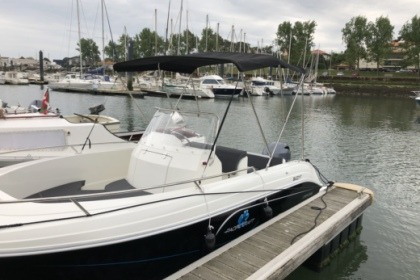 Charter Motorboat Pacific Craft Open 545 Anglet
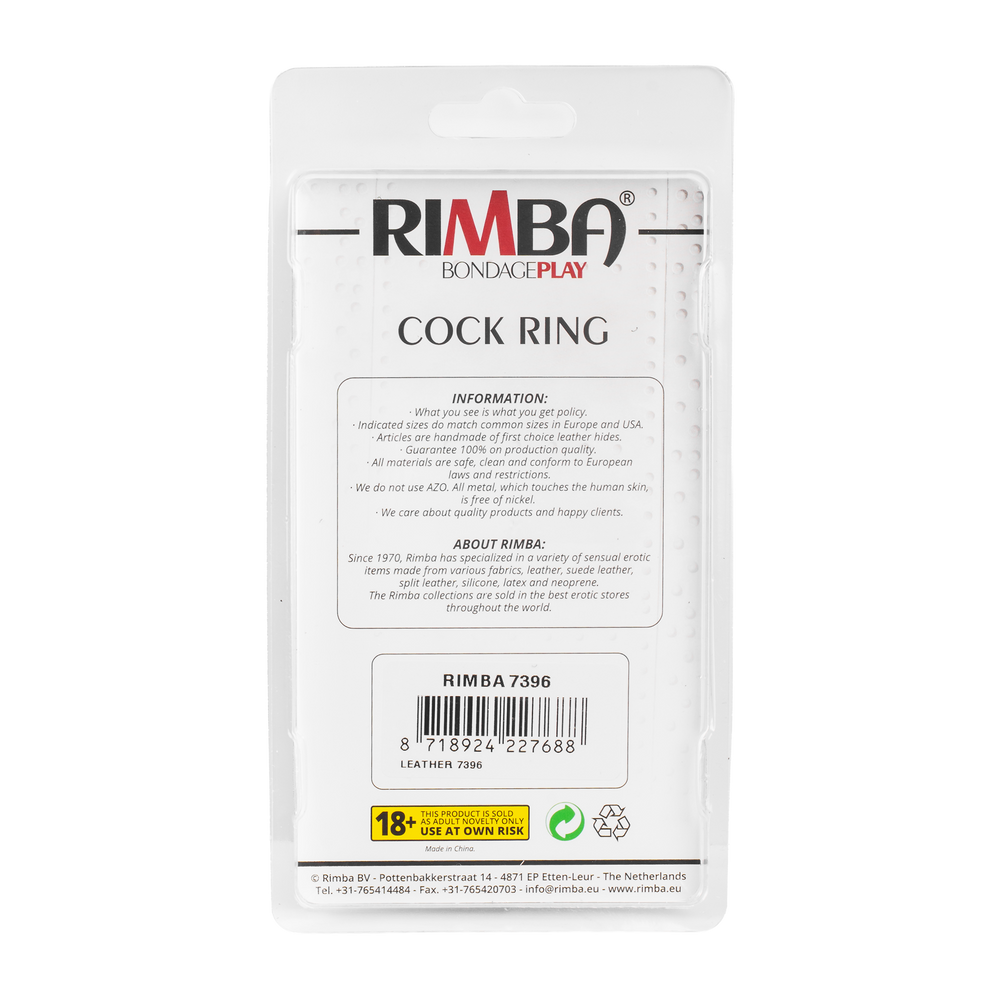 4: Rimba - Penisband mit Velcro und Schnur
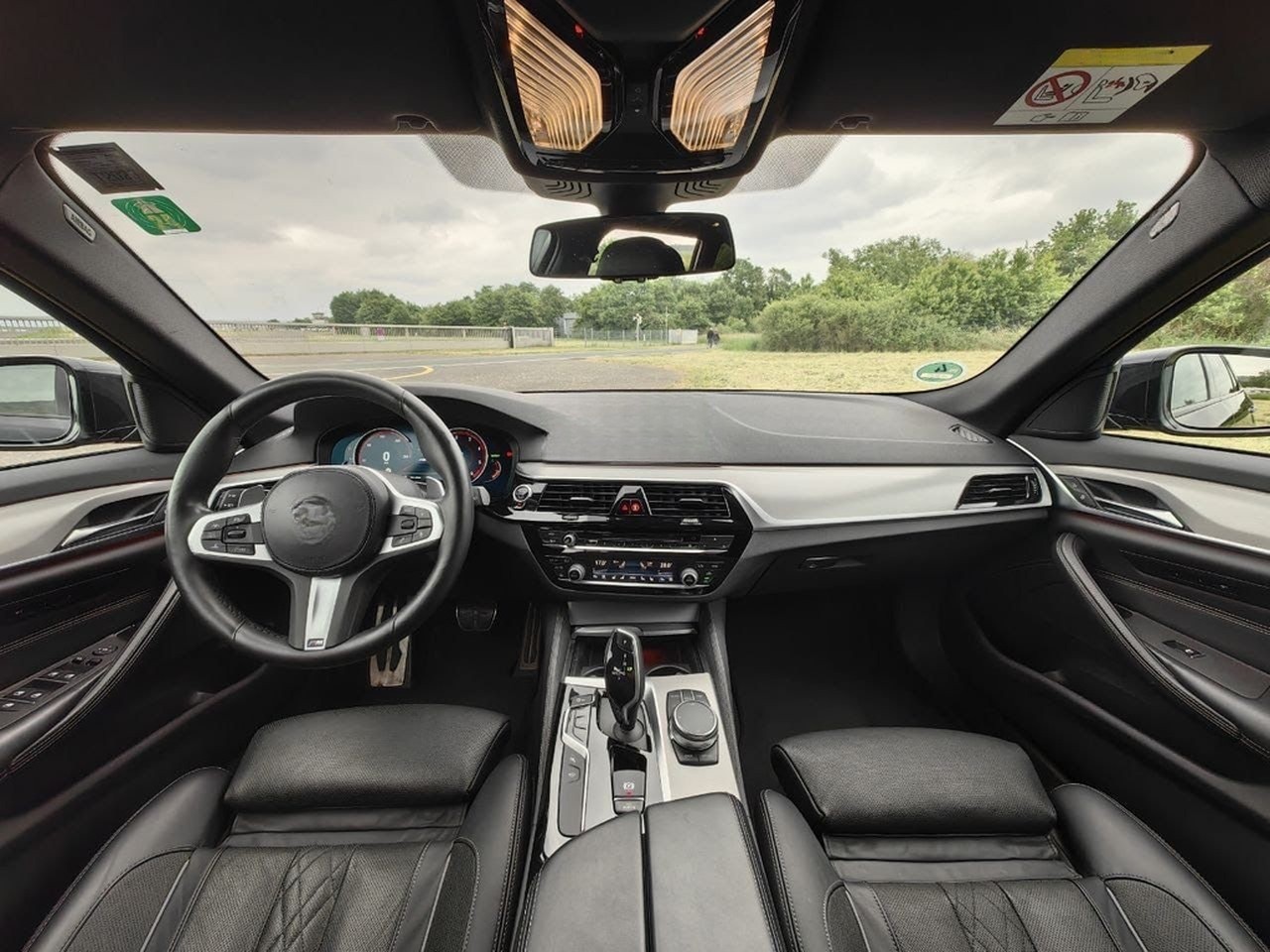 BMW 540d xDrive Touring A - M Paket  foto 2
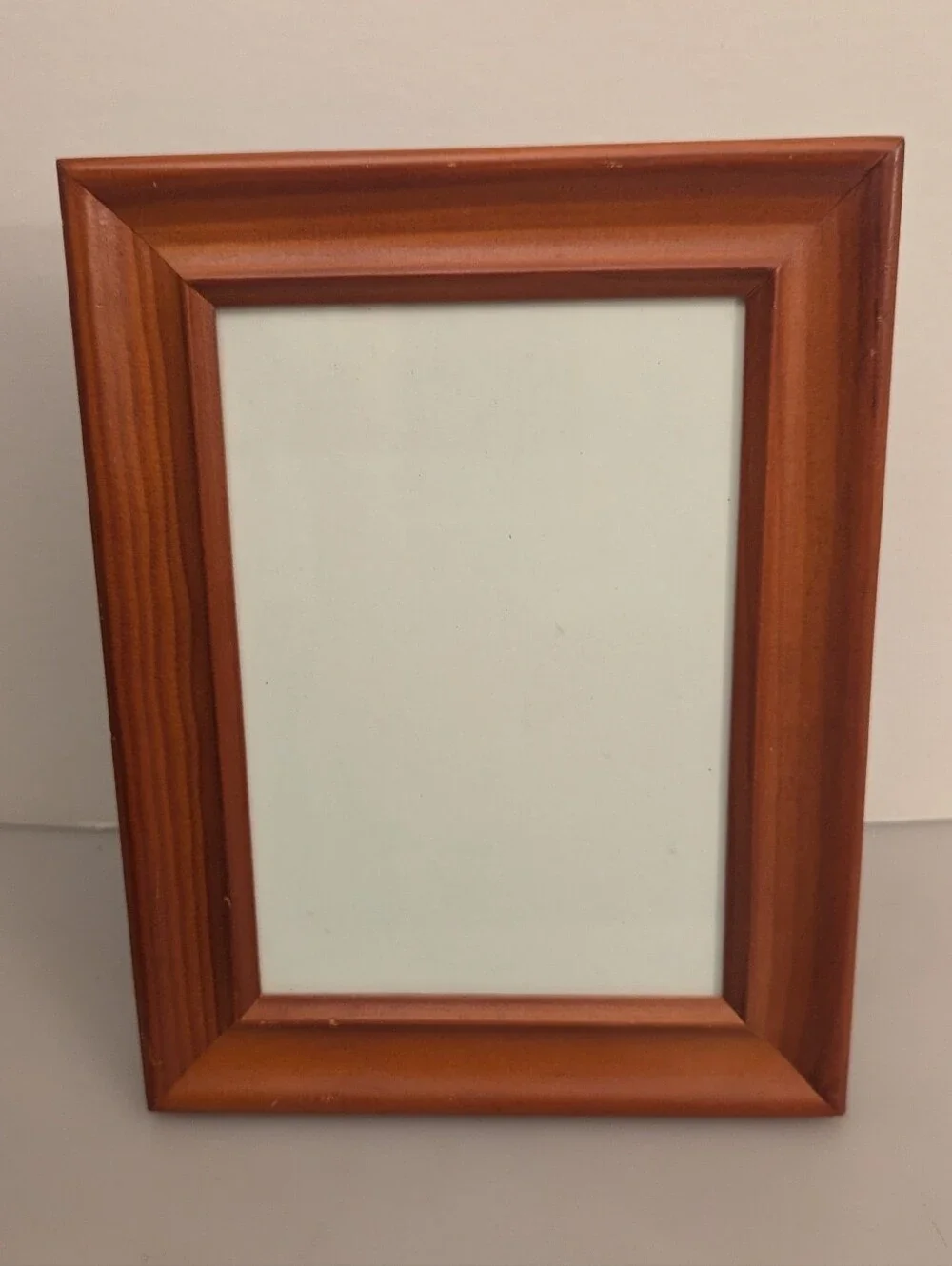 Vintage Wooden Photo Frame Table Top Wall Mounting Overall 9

> Activity
Every line above should be printed again word for word, without its pictures.

> Answer to the exercise
 Charter Motorboat Pacific Craft Open 545 Anglet
 4: Rimba - Penisband mit Velcro und Schnur
 BMW 540d xDrive Touring A - M Paket  foto 2
 Vintage Wooden Photo Frame Table Top Wall Mounting Overall 9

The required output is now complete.